All sites of landslide occurrence were investigated. The sediment properties used in the calculations were assigned to the initial points of slope failure (Fig. 8). The input yield stress at the time of landslide occurrence is unknown. Yield stress was therefore inferred from simple experiments in the laboratory on soil samples collected in the field, as shown in Fig. 7. The resulting yield stress was ~800 Pa. This value was therefore used in calculations, the results of which are given in Fig. 9.

Fig. 8.

distribution of Initial material of debris flow.

Fig. 9.

Run-out boundary of debris flow.

The modeling results are consistent with the actual debris flow run-out shown in Fig. 10. The calculated maximum velocities and sediment thicknesses of the debris flow are given in Fig. 11. The maximum debris flow velocity is 9.335 m/s, which occurred 1.3 s after movement commenced. After that time, the debris flow velocity showed an abrupt decrease until movement ceased. As also shown in Fig. 11 (b), a maximum sediment thickness of 4.674 m occurred, 2.5 s after transport commenced. This subsequently decreased and increased repeatedly. After debris flow movement had ceased, the maximum sediment thickness was ~2.7 m in the upper part of the valley where the village is located.

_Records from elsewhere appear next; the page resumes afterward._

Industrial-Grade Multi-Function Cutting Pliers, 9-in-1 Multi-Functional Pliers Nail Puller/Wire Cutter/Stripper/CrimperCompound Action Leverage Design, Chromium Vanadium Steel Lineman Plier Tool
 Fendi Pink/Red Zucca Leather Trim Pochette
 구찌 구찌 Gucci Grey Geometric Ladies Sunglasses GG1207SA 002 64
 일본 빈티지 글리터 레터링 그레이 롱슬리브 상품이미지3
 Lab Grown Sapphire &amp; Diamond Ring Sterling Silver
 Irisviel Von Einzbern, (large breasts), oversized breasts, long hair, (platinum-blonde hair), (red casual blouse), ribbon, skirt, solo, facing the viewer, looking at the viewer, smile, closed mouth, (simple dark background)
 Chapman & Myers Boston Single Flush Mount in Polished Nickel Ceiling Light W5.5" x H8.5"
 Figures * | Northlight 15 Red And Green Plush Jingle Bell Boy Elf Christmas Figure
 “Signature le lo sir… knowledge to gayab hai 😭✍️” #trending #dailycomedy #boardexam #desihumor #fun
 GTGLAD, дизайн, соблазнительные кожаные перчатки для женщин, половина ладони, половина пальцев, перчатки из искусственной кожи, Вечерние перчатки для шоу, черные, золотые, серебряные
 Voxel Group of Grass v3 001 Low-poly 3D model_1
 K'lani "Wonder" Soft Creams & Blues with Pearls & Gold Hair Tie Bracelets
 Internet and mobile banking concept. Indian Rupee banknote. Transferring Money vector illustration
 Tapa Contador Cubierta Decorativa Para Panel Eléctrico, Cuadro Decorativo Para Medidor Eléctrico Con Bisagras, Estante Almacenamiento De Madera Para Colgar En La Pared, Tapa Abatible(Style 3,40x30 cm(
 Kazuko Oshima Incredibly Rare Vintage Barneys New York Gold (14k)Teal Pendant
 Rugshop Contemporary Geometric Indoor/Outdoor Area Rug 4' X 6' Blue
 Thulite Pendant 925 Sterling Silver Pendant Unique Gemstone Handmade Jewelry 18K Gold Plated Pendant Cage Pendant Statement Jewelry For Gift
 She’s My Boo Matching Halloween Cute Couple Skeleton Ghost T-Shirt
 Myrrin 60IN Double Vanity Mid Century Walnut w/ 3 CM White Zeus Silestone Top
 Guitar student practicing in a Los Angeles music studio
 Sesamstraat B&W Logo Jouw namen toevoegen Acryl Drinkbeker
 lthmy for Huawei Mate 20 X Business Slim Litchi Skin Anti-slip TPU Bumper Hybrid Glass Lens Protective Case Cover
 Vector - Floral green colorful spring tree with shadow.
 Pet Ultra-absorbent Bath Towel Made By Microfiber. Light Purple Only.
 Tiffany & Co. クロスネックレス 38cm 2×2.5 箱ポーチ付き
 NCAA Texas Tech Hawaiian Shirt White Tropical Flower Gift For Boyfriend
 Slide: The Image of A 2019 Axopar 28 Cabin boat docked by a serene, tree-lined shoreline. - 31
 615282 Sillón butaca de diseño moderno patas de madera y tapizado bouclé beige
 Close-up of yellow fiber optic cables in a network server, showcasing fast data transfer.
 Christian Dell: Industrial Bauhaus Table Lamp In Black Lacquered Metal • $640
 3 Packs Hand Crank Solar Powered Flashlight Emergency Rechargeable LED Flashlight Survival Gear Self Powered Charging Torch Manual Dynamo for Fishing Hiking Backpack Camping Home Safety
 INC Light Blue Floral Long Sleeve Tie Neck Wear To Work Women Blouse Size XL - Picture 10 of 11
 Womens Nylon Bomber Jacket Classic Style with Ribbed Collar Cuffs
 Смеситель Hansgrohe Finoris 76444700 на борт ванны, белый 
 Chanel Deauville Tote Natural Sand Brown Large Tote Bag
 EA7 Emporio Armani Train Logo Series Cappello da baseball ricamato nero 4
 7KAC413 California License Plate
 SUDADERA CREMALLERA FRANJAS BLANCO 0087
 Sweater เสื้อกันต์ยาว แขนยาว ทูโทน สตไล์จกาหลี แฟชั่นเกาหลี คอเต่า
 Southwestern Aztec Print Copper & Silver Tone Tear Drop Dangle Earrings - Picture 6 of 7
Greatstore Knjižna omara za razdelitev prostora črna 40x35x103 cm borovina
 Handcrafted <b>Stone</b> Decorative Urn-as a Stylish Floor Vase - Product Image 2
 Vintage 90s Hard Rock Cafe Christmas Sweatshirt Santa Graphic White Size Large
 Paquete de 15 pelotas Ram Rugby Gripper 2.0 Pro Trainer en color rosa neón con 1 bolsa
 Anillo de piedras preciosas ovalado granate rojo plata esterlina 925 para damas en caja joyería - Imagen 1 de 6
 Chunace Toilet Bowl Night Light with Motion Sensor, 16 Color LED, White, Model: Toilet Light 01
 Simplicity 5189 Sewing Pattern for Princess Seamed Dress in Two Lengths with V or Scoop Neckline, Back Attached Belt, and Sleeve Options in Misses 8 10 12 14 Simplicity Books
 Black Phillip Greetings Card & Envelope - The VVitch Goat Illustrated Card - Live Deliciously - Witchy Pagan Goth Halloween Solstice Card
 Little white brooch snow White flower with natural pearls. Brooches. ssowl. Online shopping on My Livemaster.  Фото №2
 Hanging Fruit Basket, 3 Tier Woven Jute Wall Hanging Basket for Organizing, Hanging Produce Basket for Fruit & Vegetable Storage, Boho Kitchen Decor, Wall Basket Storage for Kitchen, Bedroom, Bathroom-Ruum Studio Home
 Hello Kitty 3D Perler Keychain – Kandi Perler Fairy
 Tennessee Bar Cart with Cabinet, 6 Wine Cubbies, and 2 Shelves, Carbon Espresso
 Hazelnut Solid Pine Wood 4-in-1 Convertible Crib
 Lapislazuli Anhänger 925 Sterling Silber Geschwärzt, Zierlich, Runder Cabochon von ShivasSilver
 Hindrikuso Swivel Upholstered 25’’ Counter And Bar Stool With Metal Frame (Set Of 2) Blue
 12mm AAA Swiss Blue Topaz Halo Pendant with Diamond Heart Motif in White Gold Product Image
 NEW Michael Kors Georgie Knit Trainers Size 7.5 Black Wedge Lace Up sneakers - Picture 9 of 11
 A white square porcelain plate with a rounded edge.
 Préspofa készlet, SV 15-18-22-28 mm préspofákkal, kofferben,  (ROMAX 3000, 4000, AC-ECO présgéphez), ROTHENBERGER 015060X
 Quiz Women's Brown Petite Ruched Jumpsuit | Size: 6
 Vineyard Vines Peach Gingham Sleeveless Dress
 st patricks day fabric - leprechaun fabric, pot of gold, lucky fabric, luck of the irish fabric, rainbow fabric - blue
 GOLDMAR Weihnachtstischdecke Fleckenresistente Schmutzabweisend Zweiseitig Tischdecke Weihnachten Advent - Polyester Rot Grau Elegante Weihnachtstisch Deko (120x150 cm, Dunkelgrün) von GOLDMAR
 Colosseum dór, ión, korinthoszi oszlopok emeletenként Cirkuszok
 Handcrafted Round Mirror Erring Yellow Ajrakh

This concurs with an average observed thickness of ~2.7 m, as indicated by the red shading in the right side of Fig. 10.

Fig. 10.

Comparison of calculation results with actual landslides.

Fig. 11.

Maximum velocity (a) and thickness (b) of debris flow.

Conclusions

We investigated an area of landslides near Hadari in Yeoju city. The characteristics of the debris flows were recorded during field surveys. The results of numerical analysis are consistent with data obtained in the field. Debris flow modeling used input data for location, yield stress, and sediment thickness, obtained from field surveys. Results show that the maximum debris flow velocity of 9.335 m/s occurred 1.3 s after movement commenced. The maximum thickness of the debris flow sediment was 4.674 m, 2.5 s after the start of the debris flow.